### PROBLEM TO SOLVE
Please output the line containing "Tui Gucci Ophidia" and all lines that follow it in the data below, exactly, with no pictures.

### DATA TO PROCESS

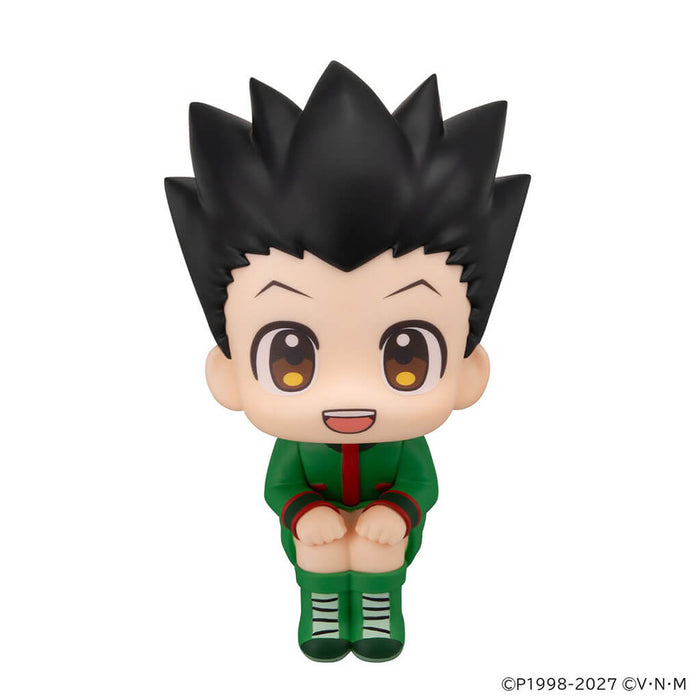 HUNTER x HUNTER - FIGURINES GON FREECSS & KILLUA ZOLDYCK LIMITED EDITION LOOK UP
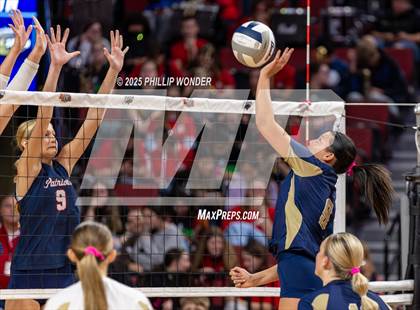 Thumbnail 3 in Elkhorn South vs Millard South (NSAA Class A Quarterfinal) photogallery.
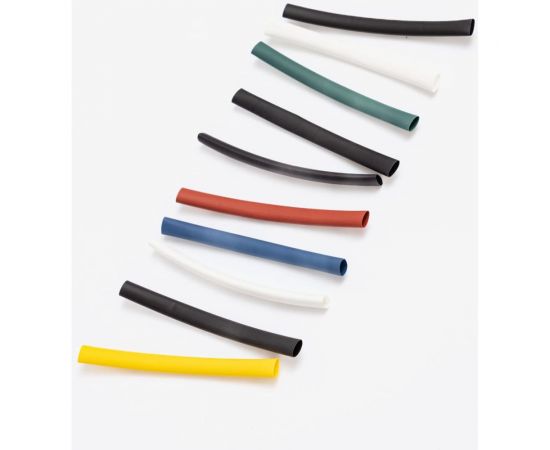 Набор термоусаживаемых трубок Grisard ElectricТТУ 6/3 (4хЧ, 2хБ, К, С, Ж, З) (10x10см/упаковка) GRE-016-0008 – изображение 9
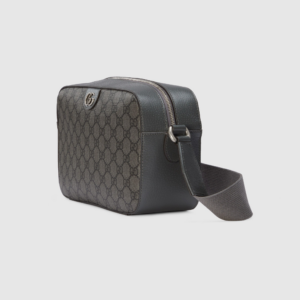 Tui Gucci Ophidia Medium Messenger Bag 'Grey Black' 767190-UULHK-1244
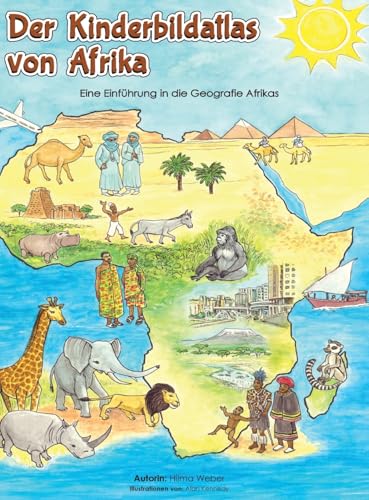 Die Kinderbildatlas von Afrika
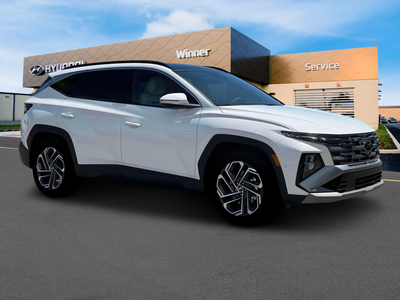 2026 Hyundai Tucson Limited FWD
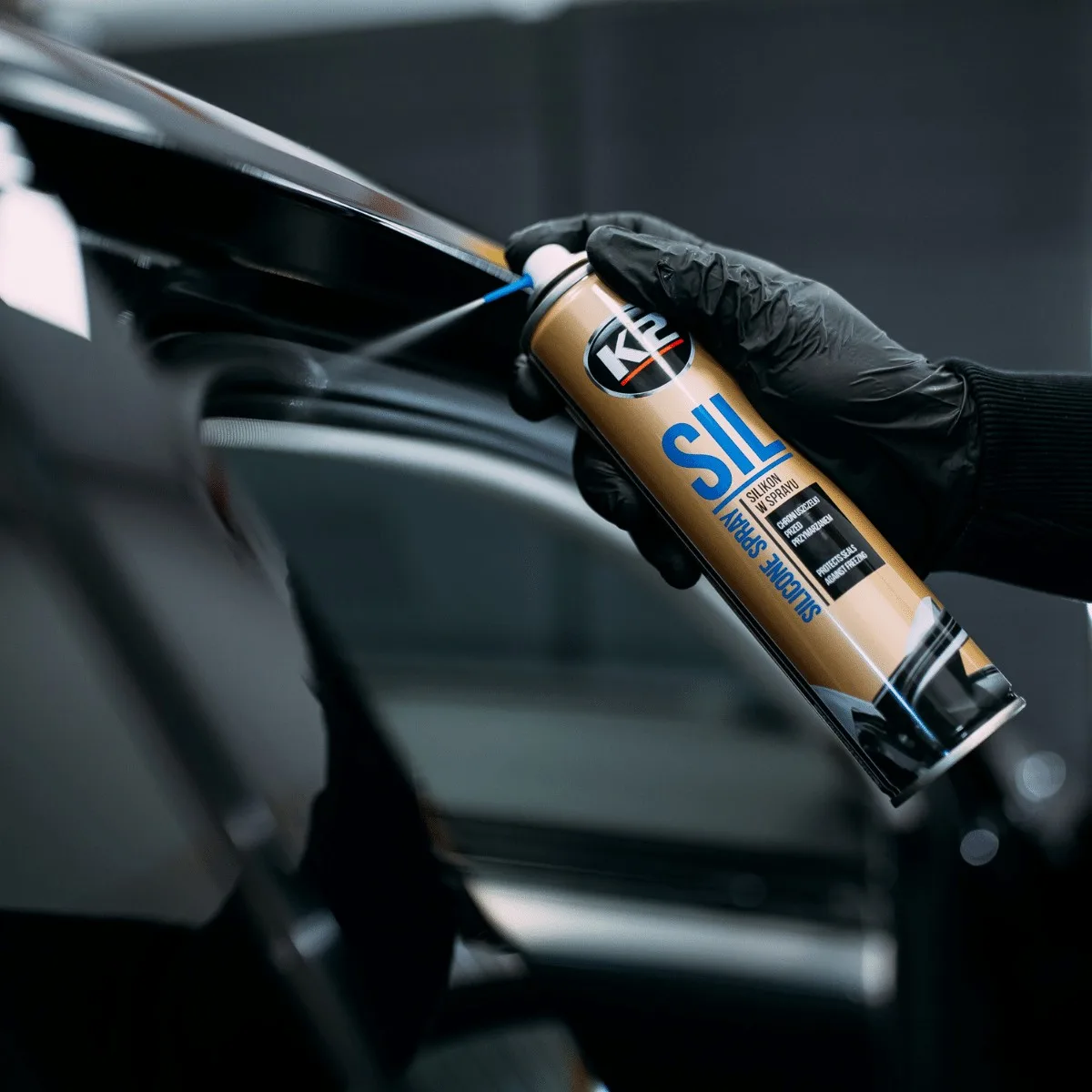 K2 Sil 300 ml Silikon Do Uszczelek Samochodowych | zdjęcie 7 z 8 | K633 | Motofarma.pl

### WRITTEN RESPONSE
 Tui Gucci Ophidia Medium Messenger Bag 'Grey Black' 767190-UULHK-1244
 Die Kinderbildatlas von Afrika
 2026 Hyundai Tucson Limited FWD
 K2 Sil 300 ml Silikon Do Uszczelek Samochodowych | zdjęcie 7 z 8 | K633 | Motofarma.pl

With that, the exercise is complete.